According to Thomas Liebig from OECD, the category of migration is the most important predictor of employment. Liebig gave a presentation at the conference “Guidance in the Context of Migration”, which was organized by Euroguidance Austria in November 2010.
The conference was dedicated to the question of qualification and competences of native-born and foreign-born immigrants and the role of guidance in labour market integration.130 members of various institutes came to Vienna to participate in the conference, consisting of plenary speeches, six parallel workshops and an exhibition.
Thomas Liebig from International Migration Division at the OECD Directorate for Employment Labour and Social Affairs in Paris highlighted the preliminary findings of the OECD’s country reviews:
The labour market outcomes of immigrants are below those of the native-born. Immigrant women are particularly disadvantaged. The category of migration (labour, family, humanitarian) is the most important predictor of labour market outcomes.
Immigrants are disproportionately affected by the overall economic conditions and arrival just prior or during a downturn can have long-term adverse consequences.
Many immigrants have a very low educational attainment and those who have qualifications find them often discounted on the labour market. Accreditation of prior learning would seem to be disproportionately advantageous for immigrants, but they rarely benefit from it.
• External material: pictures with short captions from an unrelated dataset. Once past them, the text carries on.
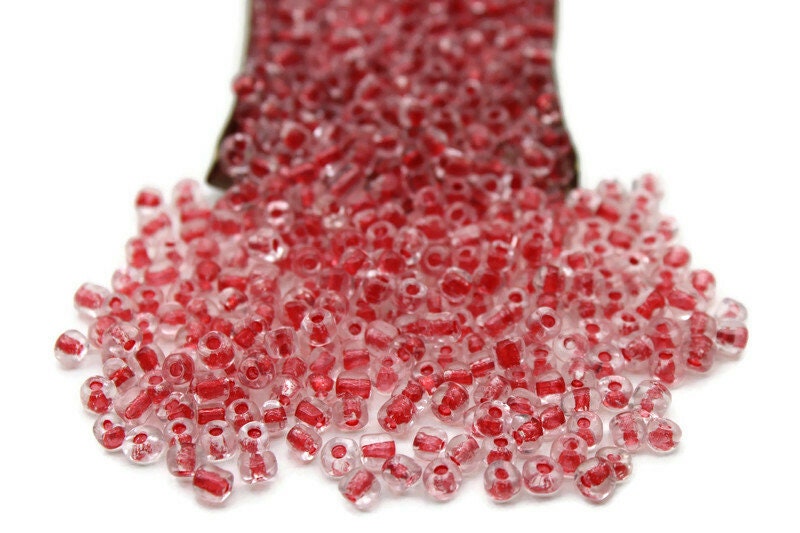 6/0 Seed Beads, Red Color-Lined, 20/50/100 Grams Packs, Embroidery Beads, Jewelry Beads, Craft Supply, Rondelle Beads, Indian Seed Beads, 302/1.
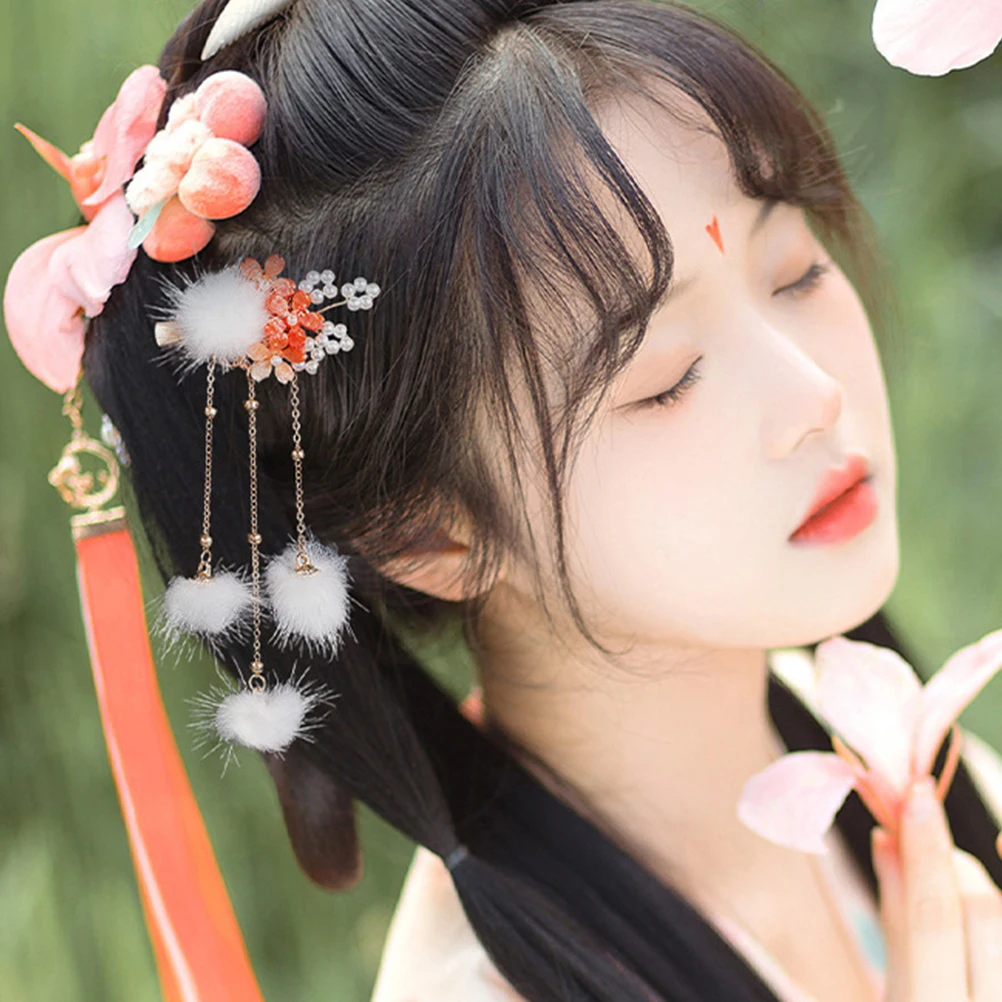 

Hanfu Tassel Ball Clips Retro Style Accessories Tassel Ball Hair Clips Hairpins for Women Girls Party Daily Wear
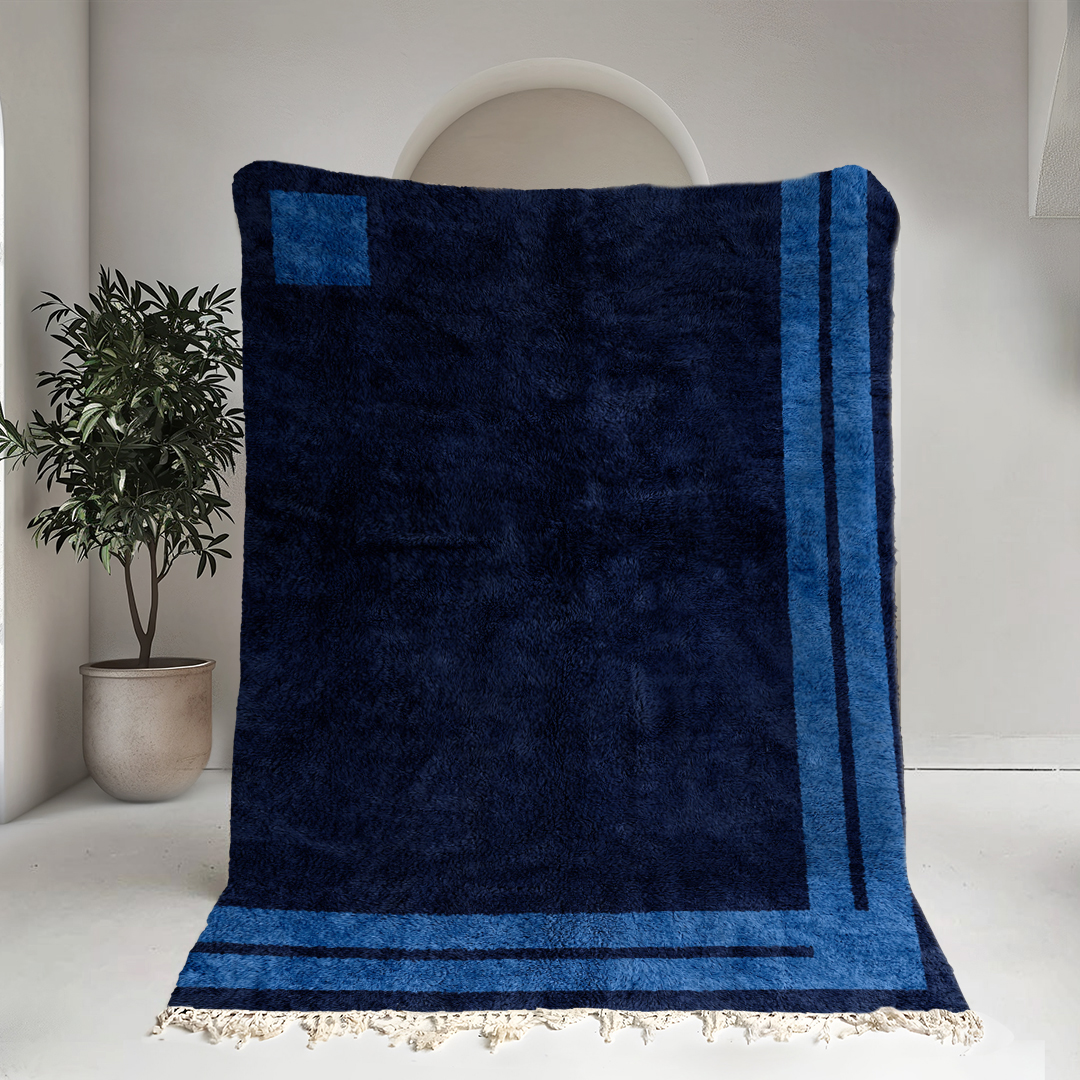 Moroccan custom rug from Beni Ourain, Wool, Blue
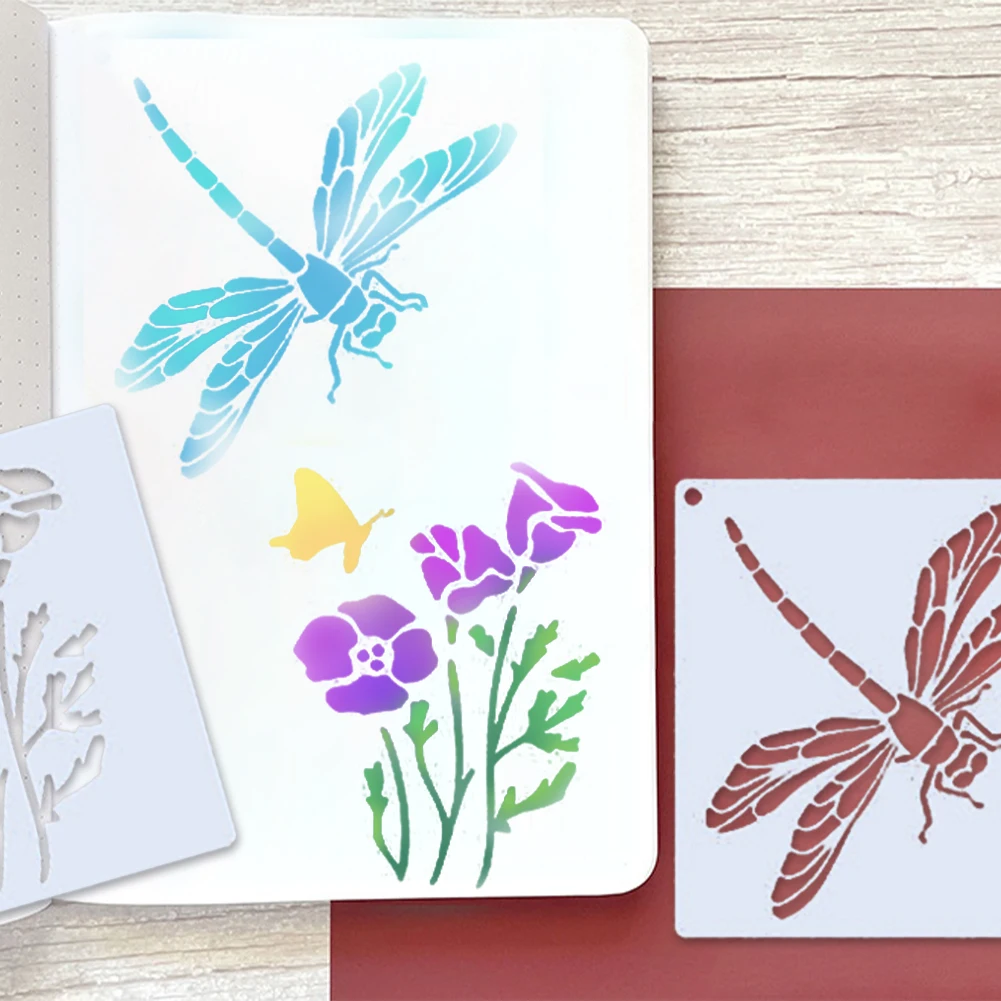 20แผ่นลายฉลุผ้าใบดอกไม้ผึ้งการตกแต่งบ้านพับได้ใบผีเสื้อสำหรับวาดภาพนกบนแผ่นไม้ฟิลด์ต้นไม้ไดอารี่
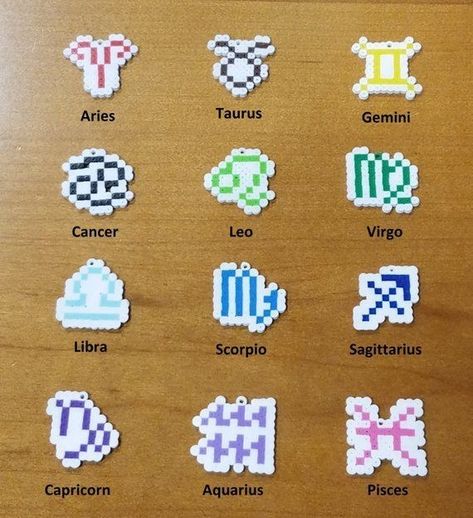 Fuse Beads Templates, Mini Perler Bead Patterns, Perler Beads Keychain, Beads Business, Mini Hama Beads, Melted Beads, Zodiac Keychain, Hamma Beads Ideas, Easy Perler Bead Patterns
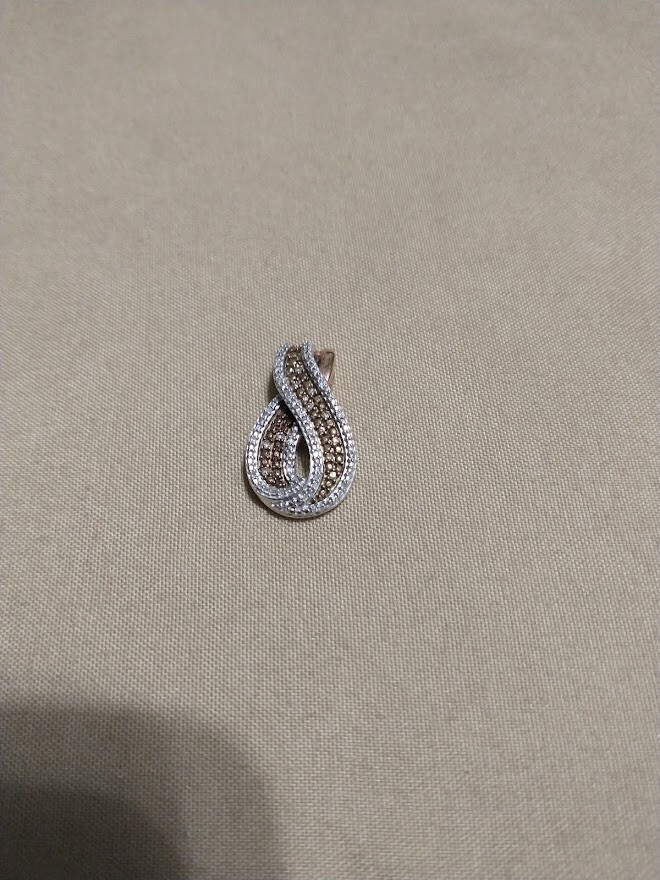 Vintage - Sterling Silver & Diamond Teardrop Pendant - 3.27g - *NICE*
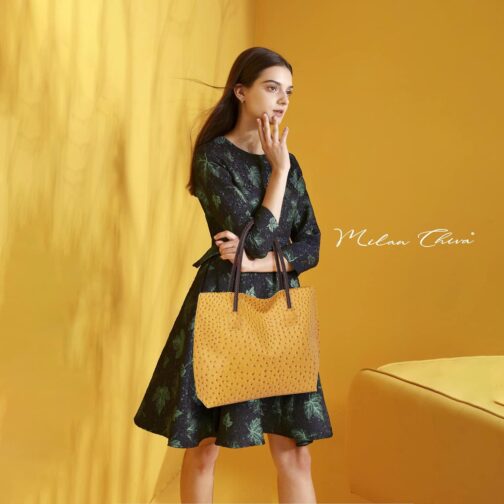 Milan Chiva Tote Bag for Women with Zipper Large Ostrich Vegan Leather Shoulder Purses and Handbags - Image 6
Low-qualified migrants are often relatively well integrated into the labour market but the integration of their children tends to be a challenge. Early intervention provides the best payoff. The “second generation” is the best measure of the long-term success of integration policy.
Many vacancies are filled by personal contacts, and immigrants and their offspring tend to have fewer of these. Persons with an immigrant background also tend to lack knowledge about labour market functioning.
Mentoring programmes and programmes which enable employers to see what immigrants can do on the job are often very effective.
Discrimination is an important obstacle to access to employment. The public sector can be a motor for integration through its hiring choices.